Sometimes I feel like art has become something of a dirty word among many writers. If we’re serious about writing (and oh, are we ever serious), then we discuss craft a great deal. Sometimes we even bite the bullet and talk about business and the industry in ways that are more thoughtful than reactionary and more intelligent than just following the herd. (Sometimes we freak out instead.) We can be inspirational within certain boundaries. But art. Yes, art is a loaded word.
When we hear others speak about art, perhaps we imagine the dilettante artist who never actually writes anything. Or perhaps we think about those who start with a message and try to slap their audience in the face with it. Or perhaps we think of something inaccessible, like the serialist movement in music that I was talking about on Tuesday. The starving artist comes to mind, the irresponsible flake who needs to be talked down from the ledge by the long-suffering editor, the tortured soul who has a room filled with crumpled pieces of paper (see the recent movie Limitless, in which the writer portrayed has nothing to do with reality whatsoever).
And yet, this is not how art needs to be, and this is not how we must define ourselves as artists. Art doesn’t have to mean any of these things. Instead, it is an essential leg in the tripod of the writer.
Here’s how the system works: A good grasp of craft means that we produce sellable and marketable works, which helps our business. It also means that we have the tools at our disposable to create art that works, that really does evoke emotion and help us see the world differently. Craft is essential.

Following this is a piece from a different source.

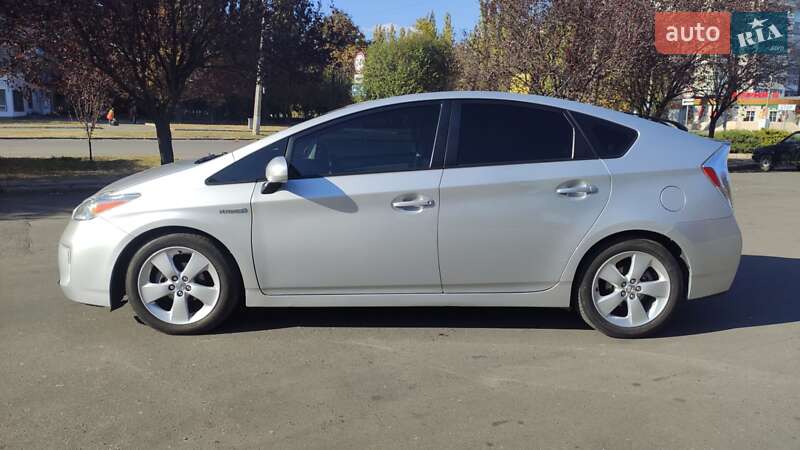 Хетчбек Toyota Prius 2013 в Миколаєві
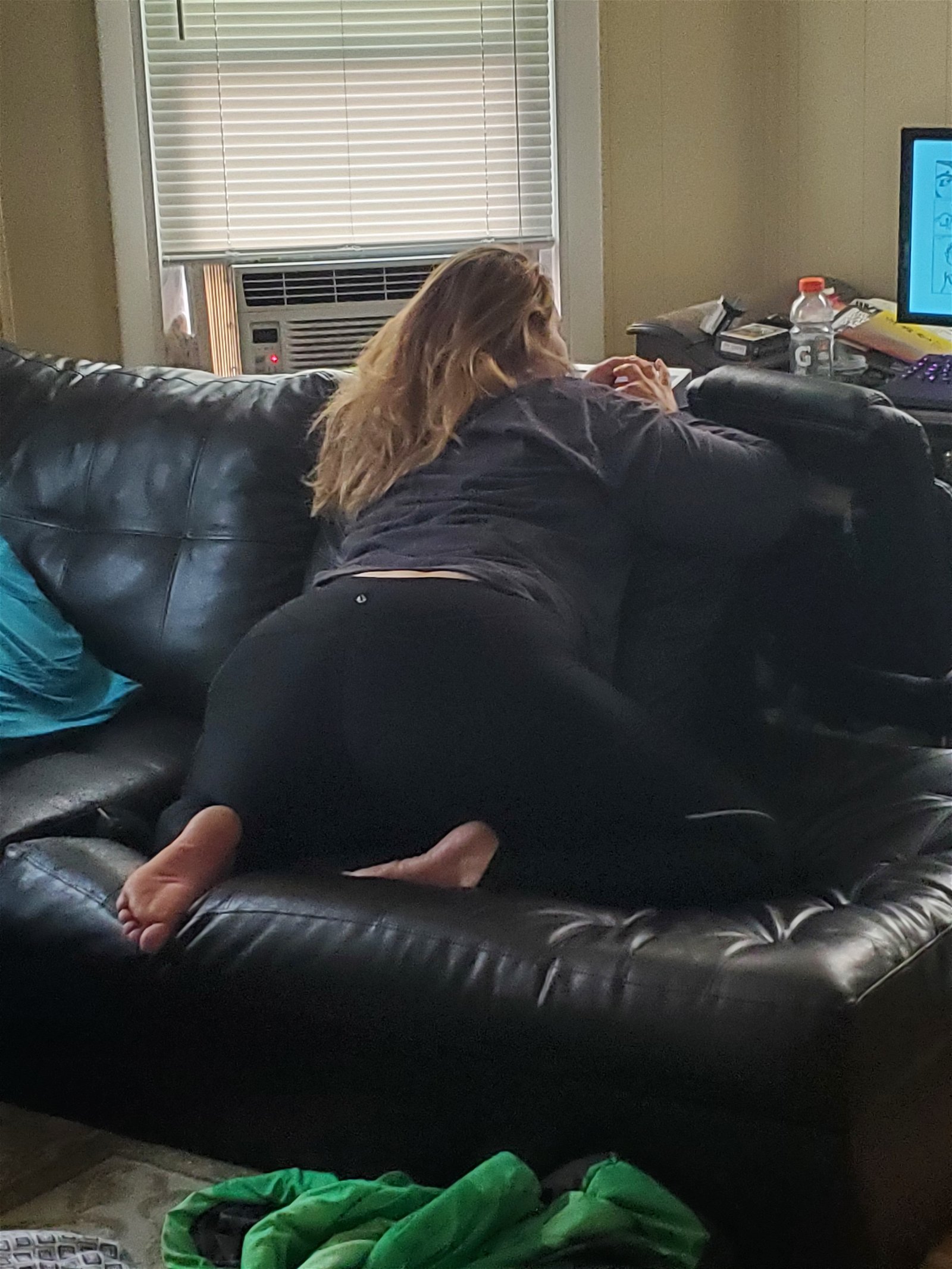 Photo by xsinfultemptationsx with the username @xsinfultemptationsx, who is a star user,  September 15, 2020 at 10:22 PM. The post is about the topic Yoga Pants, Ass, Creep Shots, Heels, Legs and the text says 'big booty milf just begging to get fucked 🤤'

A good grasp of business means that we can get our work out into the world. This facilitates its purpose as art to communicate. It’s also always nice to avoid being screwed and to get paid for our work, which helps us continue both our craft and our art.
An acceptance of our work as art keeps us inspired. It encourages us to keep improving our craft so that we can achieve more through our words, and it challenges us to learn the business side so that we can achieve greater impact.

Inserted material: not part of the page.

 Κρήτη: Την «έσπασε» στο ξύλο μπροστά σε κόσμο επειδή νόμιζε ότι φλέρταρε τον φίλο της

Lose touch with the business aspect and we cannot support ourselves or get our work out into the world. Lose touch with the craft aspect and we cannot write well enough to be effective. Lose touch with our work as art and we flirt with a sense of futility and forget to take risks.
I tend to neglect the art aspect that reminds me of my purpose and pour all my energy into craft and business. This choice, I tell myself, makes me a serious writer.
But I am wrong. My best work doesn’t happen when I only have two of my cornerstones. It takes place when I remember all three and dare to write bigger. It takes place when I accept that I am a businesswoman, a craftsperson, AND an artist.